The second tier of the English football competition kicks off on Saturday with 19 teams aiming for a return to the top flight, writes Richard Jolly.
Premier League on the minds of all English Championship sides
The juxtaposition was merely one of many remarkable examples of ignominious failure. A group of players whose former employers included Real Madrid, Inter Milan, Chelsea, Arsenal, Tottenham Hotspur, Liverpool and both Manchester clubs were expelled from the elite and condemned to join Barnsley, Bournemouth, Doncaster and Yeovil.
And so, after a nightmare season, a rude awakening in the English Championship begins on Saturday for Queens Park Rangers. After the delusions of grandeur, the grim reality.
Yet Saturday's opponents, Sheffield Wednesday, are both a club with a more glorious history and one in a similar boat: if the Premier League represents the pinnacle for the Championship clubs, 19 of them have reached it only to be turned back.
Rangers return to the second tier with £48 million (Dh266.6m) of parachute payments, spread over four years, to cushion the landing. If it sounds an extravagant amount, the chances are that they will make another sizeable loss. Given their lavish spending, they may challenge the unofficial record for the biggest wage bill in the Championship, set by Newcastle United's 2009/10 team. QPR must hope they get value for money.
The prize Crystal Palace secured when they won May's play-off final against Watford had an estimated worth of £120m. Promotion has never been more profitable, a reason why the Championship is so competitive. The majority of clubs kick off believing a play-off place is at least feasible, and given the succession of outsiders who have gone up in recent seasons - Palace and Hull City last year, Norwich City in 2011, Blackpool in 2010, Burnley in 2009 - who can blame them?
Yet the burden of expectation rests squarely on QPR's shoulders. They have taken a familiar approach of trying to buy their way to success; after a £5m bid for Celtic's Gary Hooper failed, they made the Burnley striker Charlie Austin the division's biggest summer signing.
The other newcomers are Richard Dunne, Danny Simpson and Karl Henry, two of them former Championship champions, and Steve McClaren, a former England manager reduced to joining Harry Redknapp's coaching staff.
It wasn't the obvious way to prepare for a promotion bid, even if it did help deflect some of the blame, but it does pose the question of how he motivates them now. Djibril Cisse and Jose Bosingwa have been paid off, Park Ji-sung loaned out and Christopher Samba sold, but while Julio Cesar and Loic Remy are expected to go, most of the underachievers remain.
Continuity is a more encouraging theme for others cast aside from the Premier League. Reading retain the majority of the team who won the Championship two seasons ago and have a manager, in Nigel Adkins, who was promoted that year with Southampton. The element of intrigue is provided by their new left-sided partnership, Wayne Bridge and Royston Drenthe, both accustomed to more glamorous surroundings.

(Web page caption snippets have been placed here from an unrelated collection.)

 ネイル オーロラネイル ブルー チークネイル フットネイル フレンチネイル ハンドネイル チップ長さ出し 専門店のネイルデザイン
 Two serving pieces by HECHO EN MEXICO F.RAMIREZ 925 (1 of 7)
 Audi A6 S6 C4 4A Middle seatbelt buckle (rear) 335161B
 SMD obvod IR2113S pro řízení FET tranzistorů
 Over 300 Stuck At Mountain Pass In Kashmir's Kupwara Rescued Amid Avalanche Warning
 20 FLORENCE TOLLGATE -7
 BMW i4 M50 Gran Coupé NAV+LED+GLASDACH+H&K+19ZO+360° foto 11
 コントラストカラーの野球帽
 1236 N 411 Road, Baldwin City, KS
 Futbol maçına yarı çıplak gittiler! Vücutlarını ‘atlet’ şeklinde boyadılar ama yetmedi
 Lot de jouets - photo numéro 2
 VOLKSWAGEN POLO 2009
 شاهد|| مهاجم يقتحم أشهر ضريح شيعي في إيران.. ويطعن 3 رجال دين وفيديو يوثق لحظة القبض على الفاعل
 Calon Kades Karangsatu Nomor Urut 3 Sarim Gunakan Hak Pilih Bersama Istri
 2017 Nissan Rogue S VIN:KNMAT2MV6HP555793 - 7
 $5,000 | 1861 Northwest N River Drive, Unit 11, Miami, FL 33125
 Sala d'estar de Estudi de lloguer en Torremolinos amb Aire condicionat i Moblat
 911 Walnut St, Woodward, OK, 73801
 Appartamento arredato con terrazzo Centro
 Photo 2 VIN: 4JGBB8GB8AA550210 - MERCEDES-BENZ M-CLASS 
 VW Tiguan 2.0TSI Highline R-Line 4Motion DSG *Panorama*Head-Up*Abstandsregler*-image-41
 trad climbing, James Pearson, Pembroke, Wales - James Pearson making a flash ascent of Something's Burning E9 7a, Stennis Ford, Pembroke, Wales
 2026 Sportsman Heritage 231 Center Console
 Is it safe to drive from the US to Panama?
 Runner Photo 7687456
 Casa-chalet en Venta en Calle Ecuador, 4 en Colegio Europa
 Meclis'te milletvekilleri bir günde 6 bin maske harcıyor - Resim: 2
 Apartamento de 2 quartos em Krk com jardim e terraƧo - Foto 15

In contrast, it is all change at Wigan Athletic. The FA Cup winners lost manager Roberto Martinez, top scorer Arouna Kone and eight other players, with more to follow.
Enter Owen Coyle, charged with rehabilitating his own managerial career by steering them back to the Premier League, despite the complications of a Europa League campaign. The former Norwich captain Grant Holt has joined to lead the attack.
Coyle has also made eight other additions to a radically remodelled team, with Scott Carson, in goal the day McClaren's time with England unravelled, the most eye-catching.
If the initial focus is on the teams relegated from the Premier League, it is worth remembering that their immediate predecessors fared poorly.
Last season, Bolton Wanderers began slowly, Blackburn Rovers flirted with relegation and Wolves went down for a second successive year. The Championship tends to reward solid, consistent teams with ample experience of the second tier.
They offer reasons to back Nottingham Forest, Leicester City, Brighton & Hove Albion and Bolton.
Whoever the favourites, however, there is no doubt who the underdogs are. Yeovil Town were a non-league club a decade ago and their average gate last season barely topped 4,000.
They represent the antithesis of QPR.
As the Football League celebrates the 125th anniversary of its foundation, it can do so in the knowledge that polar opposites exist in a division of evenly matched sides. It all adds to the intrigue.